• **Task to complete**
Please set down the entries below once more, exactly.

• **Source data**
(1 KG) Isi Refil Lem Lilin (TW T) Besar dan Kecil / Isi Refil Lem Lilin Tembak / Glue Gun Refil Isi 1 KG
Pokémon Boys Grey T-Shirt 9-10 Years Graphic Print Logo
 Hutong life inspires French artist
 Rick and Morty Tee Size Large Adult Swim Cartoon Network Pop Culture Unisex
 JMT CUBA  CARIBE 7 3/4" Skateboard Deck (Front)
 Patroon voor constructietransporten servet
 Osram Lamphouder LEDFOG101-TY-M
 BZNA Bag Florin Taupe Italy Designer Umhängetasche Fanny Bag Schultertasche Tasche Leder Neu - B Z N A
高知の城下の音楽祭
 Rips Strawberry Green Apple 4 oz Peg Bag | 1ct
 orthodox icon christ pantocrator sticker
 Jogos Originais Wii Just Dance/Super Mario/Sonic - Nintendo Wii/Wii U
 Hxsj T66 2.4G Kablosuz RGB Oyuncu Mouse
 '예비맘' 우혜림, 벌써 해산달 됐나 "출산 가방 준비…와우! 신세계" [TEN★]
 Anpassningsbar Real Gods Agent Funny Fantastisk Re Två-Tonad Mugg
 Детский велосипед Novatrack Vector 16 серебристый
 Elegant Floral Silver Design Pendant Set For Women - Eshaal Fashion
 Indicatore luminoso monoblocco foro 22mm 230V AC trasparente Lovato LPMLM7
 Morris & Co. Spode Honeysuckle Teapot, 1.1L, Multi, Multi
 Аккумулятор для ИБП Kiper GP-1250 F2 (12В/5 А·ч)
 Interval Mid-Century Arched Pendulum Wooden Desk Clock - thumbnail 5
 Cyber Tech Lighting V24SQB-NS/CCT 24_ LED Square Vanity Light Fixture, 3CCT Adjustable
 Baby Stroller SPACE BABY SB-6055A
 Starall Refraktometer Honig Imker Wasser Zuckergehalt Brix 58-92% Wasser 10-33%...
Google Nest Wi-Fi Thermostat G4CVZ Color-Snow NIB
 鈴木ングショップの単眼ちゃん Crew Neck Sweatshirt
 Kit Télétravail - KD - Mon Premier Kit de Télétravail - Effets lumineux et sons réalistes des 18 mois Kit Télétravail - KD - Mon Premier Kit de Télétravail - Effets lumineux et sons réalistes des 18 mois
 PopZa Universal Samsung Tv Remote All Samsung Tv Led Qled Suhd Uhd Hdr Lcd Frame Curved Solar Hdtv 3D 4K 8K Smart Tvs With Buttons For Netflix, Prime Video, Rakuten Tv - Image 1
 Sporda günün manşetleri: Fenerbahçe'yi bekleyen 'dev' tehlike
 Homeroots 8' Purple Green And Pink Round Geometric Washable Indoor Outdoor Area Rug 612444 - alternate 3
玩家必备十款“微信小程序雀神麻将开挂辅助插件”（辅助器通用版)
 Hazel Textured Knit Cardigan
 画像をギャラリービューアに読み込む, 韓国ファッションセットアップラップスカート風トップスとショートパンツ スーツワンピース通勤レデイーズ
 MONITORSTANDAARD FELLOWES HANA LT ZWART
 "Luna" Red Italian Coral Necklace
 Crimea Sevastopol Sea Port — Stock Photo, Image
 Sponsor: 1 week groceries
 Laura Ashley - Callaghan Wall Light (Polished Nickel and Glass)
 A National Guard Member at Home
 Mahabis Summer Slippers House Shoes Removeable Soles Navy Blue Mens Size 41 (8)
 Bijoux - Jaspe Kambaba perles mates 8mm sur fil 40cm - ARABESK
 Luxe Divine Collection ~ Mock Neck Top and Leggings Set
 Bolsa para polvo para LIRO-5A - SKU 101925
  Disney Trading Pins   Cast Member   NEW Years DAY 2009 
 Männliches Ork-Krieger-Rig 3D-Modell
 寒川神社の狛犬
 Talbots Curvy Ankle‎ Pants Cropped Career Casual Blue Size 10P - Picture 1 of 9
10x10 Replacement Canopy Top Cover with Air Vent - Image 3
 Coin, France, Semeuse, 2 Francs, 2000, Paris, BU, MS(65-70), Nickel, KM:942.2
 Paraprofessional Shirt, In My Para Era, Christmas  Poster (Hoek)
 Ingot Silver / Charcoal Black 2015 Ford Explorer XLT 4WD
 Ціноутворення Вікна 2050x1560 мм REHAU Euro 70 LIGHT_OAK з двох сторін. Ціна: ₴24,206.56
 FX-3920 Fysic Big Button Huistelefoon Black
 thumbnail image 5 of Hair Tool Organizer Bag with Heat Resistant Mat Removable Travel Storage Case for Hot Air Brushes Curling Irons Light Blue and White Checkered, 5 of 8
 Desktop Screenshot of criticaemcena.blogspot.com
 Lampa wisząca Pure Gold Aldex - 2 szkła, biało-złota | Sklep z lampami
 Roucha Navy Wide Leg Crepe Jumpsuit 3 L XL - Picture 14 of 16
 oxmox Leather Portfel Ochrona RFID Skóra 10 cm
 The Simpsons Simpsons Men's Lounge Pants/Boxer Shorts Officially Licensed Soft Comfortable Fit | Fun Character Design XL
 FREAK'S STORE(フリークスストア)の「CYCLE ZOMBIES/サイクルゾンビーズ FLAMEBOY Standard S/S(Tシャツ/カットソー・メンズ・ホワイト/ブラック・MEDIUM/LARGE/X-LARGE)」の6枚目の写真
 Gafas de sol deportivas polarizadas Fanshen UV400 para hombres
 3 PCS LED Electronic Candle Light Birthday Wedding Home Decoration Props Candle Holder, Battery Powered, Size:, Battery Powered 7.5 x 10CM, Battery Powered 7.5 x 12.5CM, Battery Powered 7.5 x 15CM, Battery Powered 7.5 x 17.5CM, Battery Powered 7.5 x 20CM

• **Final answer**
(1 KG) Isi Refil Lem Lilin (TW T) Besar dan Kecil / Isi Refil Lem Lilin Tembak / Glue Gun Refil Isi 1 KG
Pokémon Boys Grey T-Shirt 9-10 Years Graphic Print Logo
 Hutong life inspires French artist
 Rick and Morty Tee Size Large Adult Swim Cartoon Network Pop Culture Unisex
 JMT CUBA  CARIBE 7 3/4" Skateboard Deck (Front)
 Patroon voor constructietransporten servet
 Osram Lamphouder LEDFOG101-TY-M
 BZNA Bag Florin Taupe Italy Designer Umhängetasche Fanny Bag Schultertasche Tasche Leder Neu - B Z N A
高知の城下の音楽祭
 Rips Strawberry Green Apple 4 oz Peg Bag | 1ct
 orthodox icon christ pantocrator sticker
 Jogos Originais Wii Just Dance/Super Mario/Sonic - Nintendo Wii/Wii U
 Hxsj T66 2.4G Kablosuz RGB Oyuncu Mouse
 '예비맘' 우혜림, 벌써 해산달 됐나 "출산 가방 준비…와우! 신세계" [TEN★]
 Anpassningsbar Real Gods Agent Funny Fantastisk Re Två-Tonad Mugg
 Детский велосипед Novatrack Vector 16 серебристый
 Elegant Floral Silver Design Pendant Set For Women - Eshaal Fashion
 Indicatore luminoso monoblocco foro 22mm 230V AC trasparente Lovato LPMLM7
 Morris & Co. Spode Honeysuckle Teapot, 1.1L, Multi, Multi
 Аккумулятор для ИБП Kiper GP-1250 F2 (12В/5 А·ч)
 Interval Mid-Century Arched Pendulum Wooden Desk Clock - thumbnail 5
 Cyber Tech Lighting V24SQB-NS/CCT 24_ LED Square Vanity Light Fixture, 3CCT Adjustable
 Baby Stroller SPACE BABY SB-6055A
 Starall Refraktometer Honig Imker Wasser Zuckergehalt Brix 58-92% Wasser 10-33%...
Google Nest Wi-Fi Thermostat G4CVZ Color-Snow NIB
 鈴木ングショップの単眼ちゃん Crew Neck Sweatshirt
 Kit Télétravail - KD - Mon Premier Kit de Télétravail - Effets lumineux et sons réalistes des 18 mois Kit Télétravail - KD - Mon Premier Kit de Télétravail - Effets lumineux et sons réalistes des 18 mois
 PopZa Universal Samsung Tv Remote All Samsung Tv Led Qled Suhd Uhd Hdr Lcd Frame Curved Solar Hdtv 3D 4K 8K Smart Tvs With Buttons For Netflix, Prime Video, Rakuten Tv - Image 1
 Sporda günün manşetleri: Fenerbahçe'yi bekleyen 'dev' tehlike
 Homeroots 8' Purple Green And Pink Round Geometric Washable Indoor Outdoor Area Rug 612444 - alternate 3
玩家必备十款“微信小程序雀神麻将开挂辅助插件”（辅助器通用版)
 Hazel Textured Knit Cardigan
 画像をギャラリービューアに読み込む, 韓国ファッションセットアップラップスカート風トップスとショートパンツ スーツワンピース通勤レデイーズ
 MONITORSTANDAARD FELLOWES HANA LT ZWART
 "Luna" Red Italian Coral Necklace
 Crimea Sevastopol Sea Port — Stock Photo, Image
 Sponsor: 1 week groceries
 Laura Ashley - Callaghan Wall Light (Polished Nickel and Glass)
 A National Guard Member at Home
 Mahabis Summer Slippers House Shoes Removeable Soles Navy Blue Mens Size 41 (8)
 Bijoux - Jaspe Kambaba perles mates 8mm sur fil 40cm - ARABESK
 Luxe Divine Collection ~ Mock Neck Top and Leggings Set
 Bolsa para polvo para LIRO-5A - SKU 101925
  Disney Trading Pins   Cast Member   NEW Years DAY 2009 
 Männliches Ork-Krieger-Rig 3D-Modell
 寒川神社の狛犬
 Talbots Curvy Ankle‎ Pants Cropped Career Casual Blue Size 10P - Picture 1 of 9
10x10 Replacement Canopy Top Cover with Air Vent - Image 3
 Coin, France, Semeuse, 2 Francs, 2000, Paris, BU, MS(65-70), Nickel, KM:942.2
 Paraprofessional Shirt, In My Para Era, Christmas  Poster (Hoek)
 Ingot Silver / Charcoal Black 2015 Ford Explorer XLT 4WD
 Ціноутворення Вікна 2050x1560 мм REHAU Euro 70 LIGHT_OAK з двох сторін. Ціна: ₴24,206.56
 FX-3920 Fysic Big Button Huistelefoon Black
 thumbnail image 5 of Hair Tool Organizer Bag with Heat Resistant Mat Removable Travel Storage Case for Hot Air Brushes Curling Irons Light Blue and White Checkered, 5 of 8
 Desktop Screenshot of criticaemcena.blogspot.com
 Lampa wisząca Pure Gold Aldex - 2 szkła, biało-złota | Sklep z lampami
 Roucha Navy Wide Leg Crepe Jumpsuit 3 L XL - Picture 14 of 16
 oxmox Leather Portfel Ochrona RFID Skóra 10 cm
 The Simpsons Simpsons Men's Lounge Pants/Boxer Shorts Officially Licensed Soft Comfortable Fit | Fun Character Design XL
 FREAK'S STORE(フリークスストア)の「CYCLE ZOMBIES/サイクルゾンビーズ FLAMEBOY Standard S/S(Tシャツ/カットソー・メンズ・ホワイト/ブラック・MEDIUM/LARGE/X-LARGE)」の6枚目の写真
 Gafas de sol deportivas polarizadas Fanshen UV400 para hombres
 3 PCS LED Electronic Candle Light Birthday Wedding Home Decoration Props Candle Holder, Battery Powered, Size:, Battery Powered 7.5 x 10CM, Battery Powered 7.5 x 12.5CM, Battery Powered 7.5 x 15CM, Battery Powered 7.5 x 17.5CM, Battery Powered 7.5 x 20CM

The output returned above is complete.